What it doesn’t typically do is simply ask users to browse a site aimlessly and report on what they don’t or don’t like. (There is an exception of course. User testing might be intended to establish which areas of a site and which navigation elements draw the eye and draw the user in. But much of that can be established with more quantitative heatmap analysis).
It is very important, before user testing, to agree on which tasks are to be tested, and agree the ‘script’ for each test. This isn’t to say that users cannot explore and make mistakes freely (they can), but rather that what we ask them to try and do is consistent.
That stands to reason. If a particular event (signing up for an account, booking a flight, finding a seat) is important to the client, then we want to see how easy that process is for the user.
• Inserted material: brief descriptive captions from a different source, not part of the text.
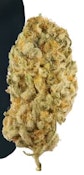 JACK HERER - 14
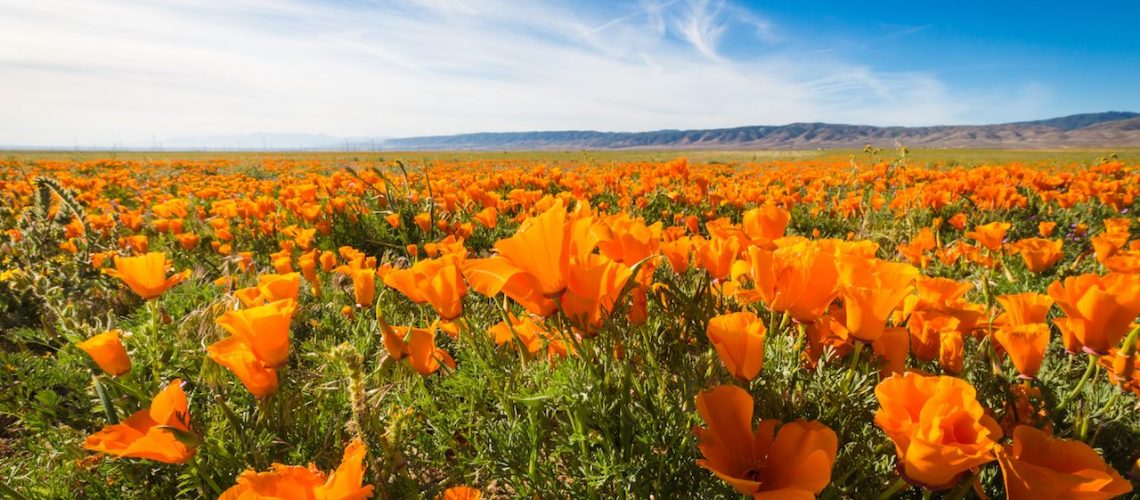 California-Golden-Poppies-blooming-wild-in-a-field-in-the-Antelope-Valley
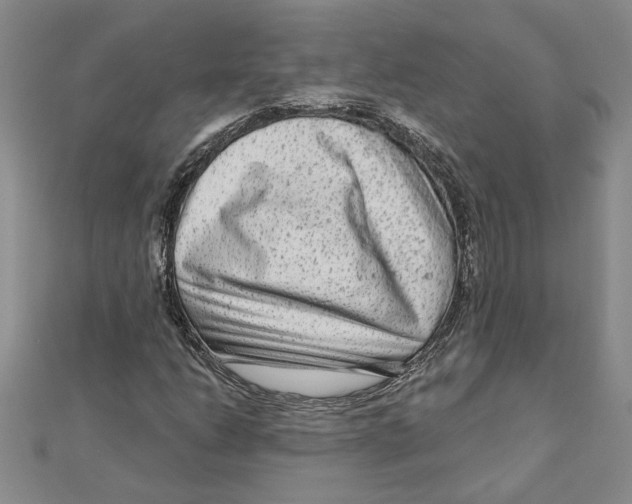 X0000111201206200907291223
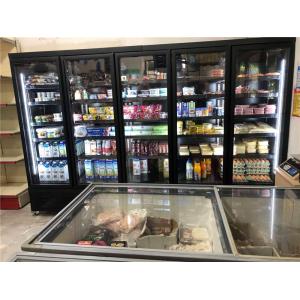 Carel Thermostat Commercial Upright Freezer For Frozen Food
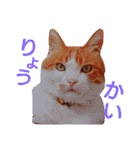 うちのねここ（個別スタンプ：19）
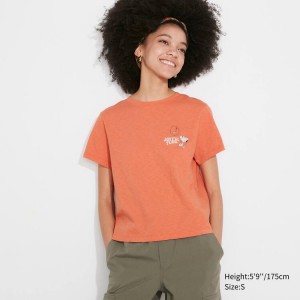 Uniqlo Love Sunshine & Peanuts Ut Graphic Women's T Shirts Orange | JLRGAK682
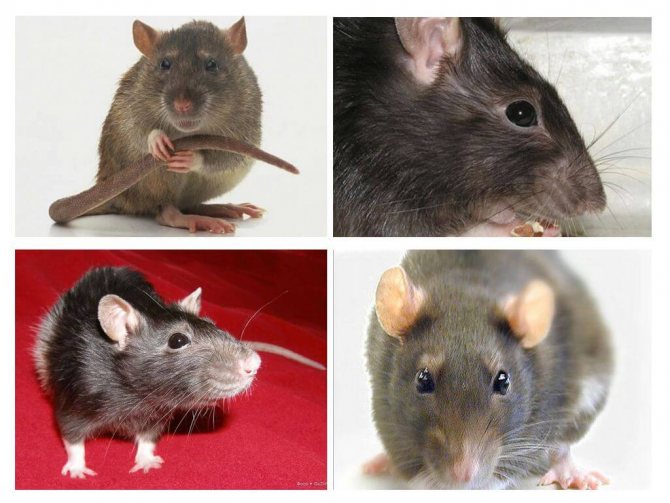 Визуальная ориентация крыс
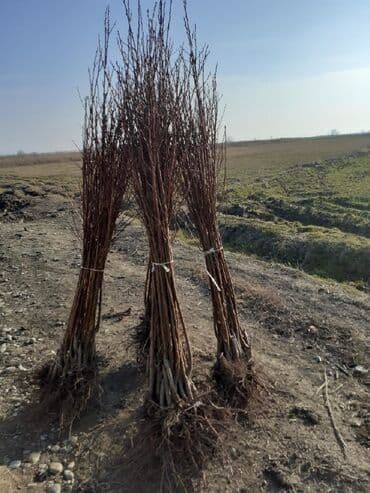 продам ворота бу: Саженцы деревьев — 1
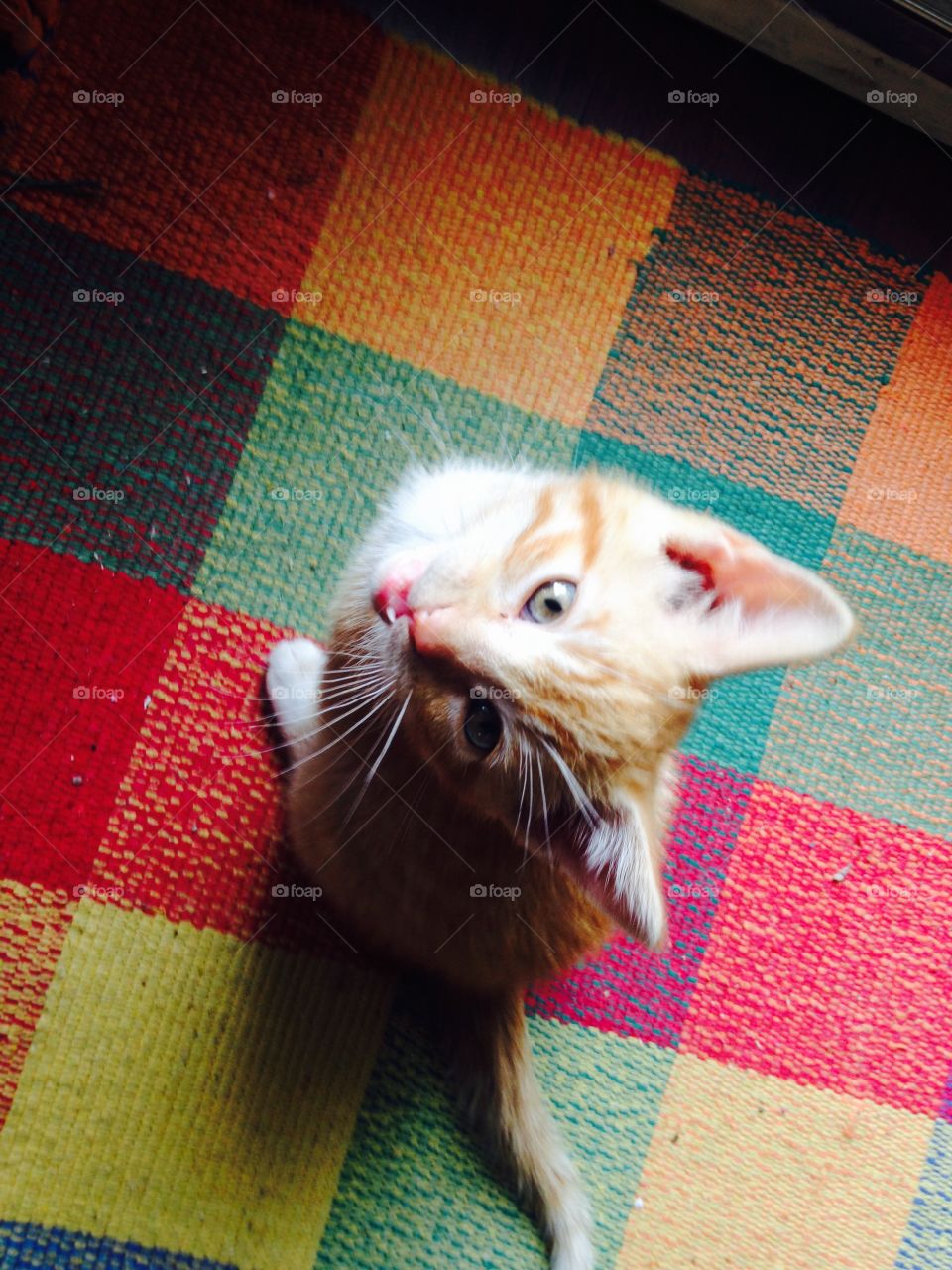 Cat sitting and meowing 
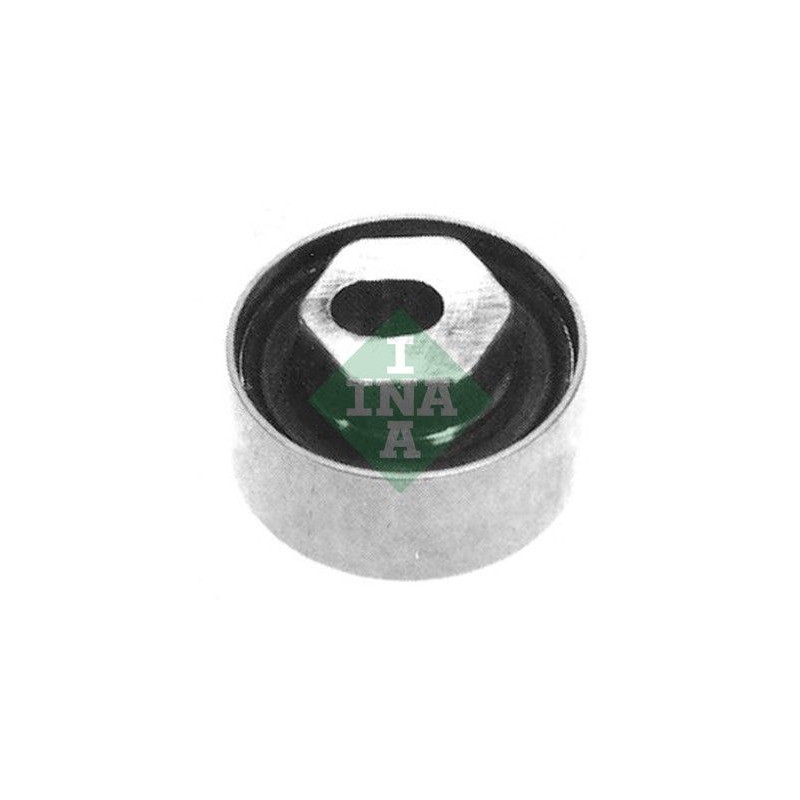 Tendicinghia distribuzione - INA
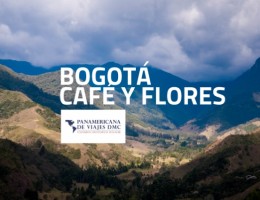BOGOTA, CAFE Y FLORES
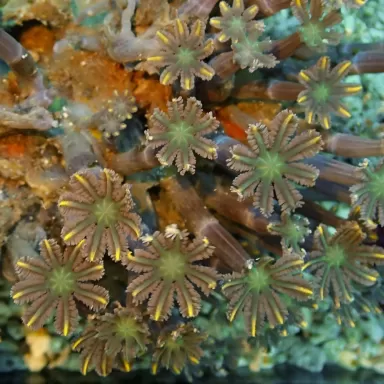 Clavularia sp Vietnam (L)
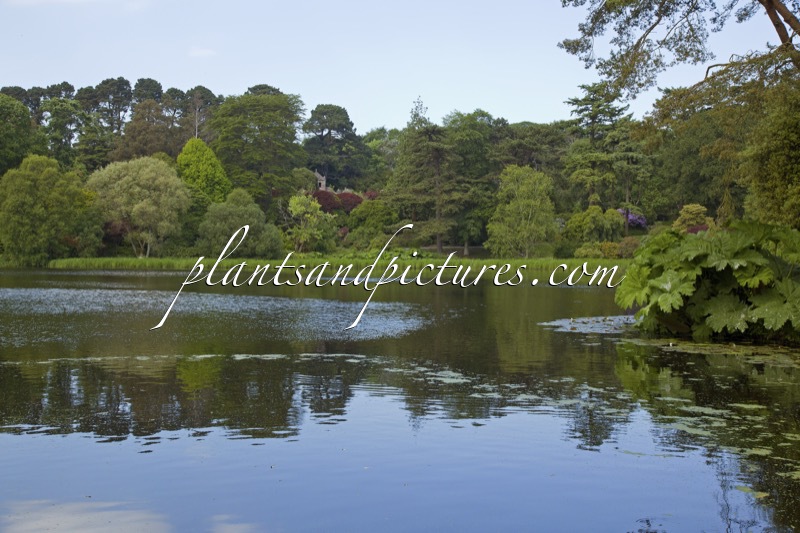Mount Stewart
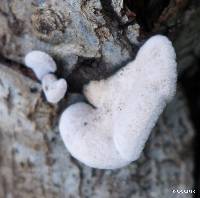 Schizophyllum commune image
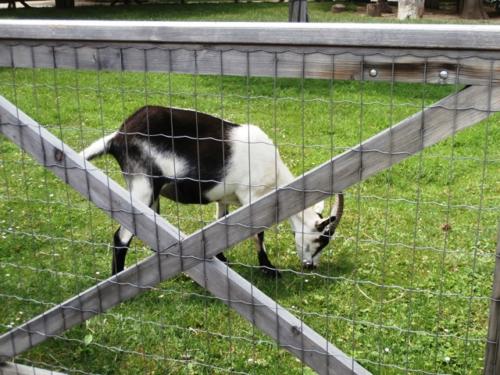 Hirschstetten 22.06.2019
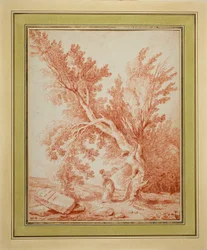 De Nestrover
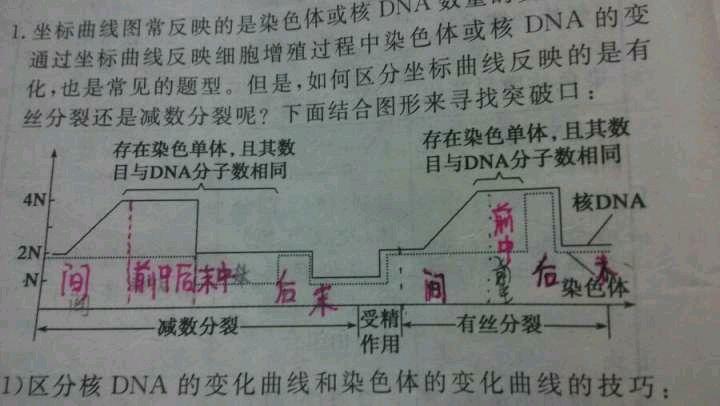 推減數分裂何時發生異常姐妹染色單體上出現等位基因的原因減數分裂中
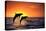 Bottlenosed Dolphins Leaping at Sunset-DLILLC-Premier Image Canvas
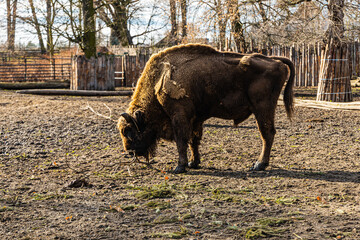 Big wisent Bison bonasus walking on large glade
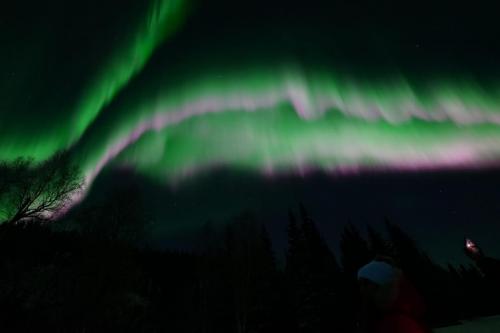 IMG-20211105-WA0148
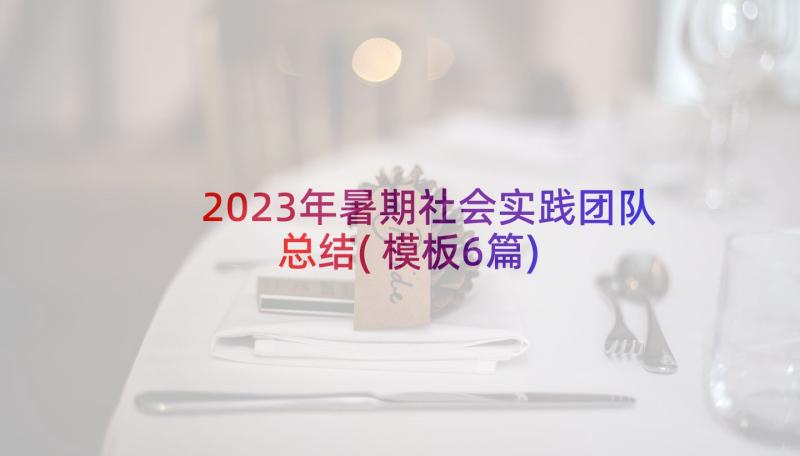 2023年暑期社会实践团队总结(模板6篇)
That is where user testing comes into its own.
Law 3: focus on actions not words
Or what I like to call the “Jane Austen Rule”. The great novelist once said, “It isn't what we say or think that defines us, but what we do”, and just as it was for posh English people wandering around large houses in the 18th century, so it is for web users in the 21st.
When observing user tests, and drawing conclusions, be very careful to separate what the user says with the actions they take. We are all humans, and when shown anything we start to comment on it. But our comments are often contradicted by our actions. If in doubt, favour the latter.
So if your user is shown a home screen and says “I can’t see how I sign up here” whilst their mouse pointer unerringly finds the ‘sign up’ call to action and clicks on it (yes, it happens), give more weight to actions rather than words.
A caveat: good user testing absolutely encourages participants to ‘speak their mind’. We want test subjects to talk about what they see, feel, struggle with, like and dislike. They should always be encouraged to talk aloud. We just have to remember to apply a professional filter to what comes out!
Law 4: record everything
The purpose of user testing is to introduce data and objectivity to conversations about design and UX. To be clear, we are not looking for scientific proof - hence the small sample size - but we want to see how our potential designs fare when up against reality.
Given this is the case, it is most important that we don’t allow what happens in a set of user tests to become subject to the accidental and not so accidental lapses in memory that occur when we didn’t capture that evidence - both on film and in the course of our own notes at the time.
It’s just a fact that over time memories fade. It’s also just a fact that a designer with a marked preference for A over B magically forgets that 4 out of 5 users didn’t understand A and couldn’t complete the relevant task. Don’t allow that to happen. Record everything.
When user testing is complete, use your material to pull out common themes and conclusions into a report. But keep the originals. You will always need to go back and remind your stakeholders what happened out there in the real world.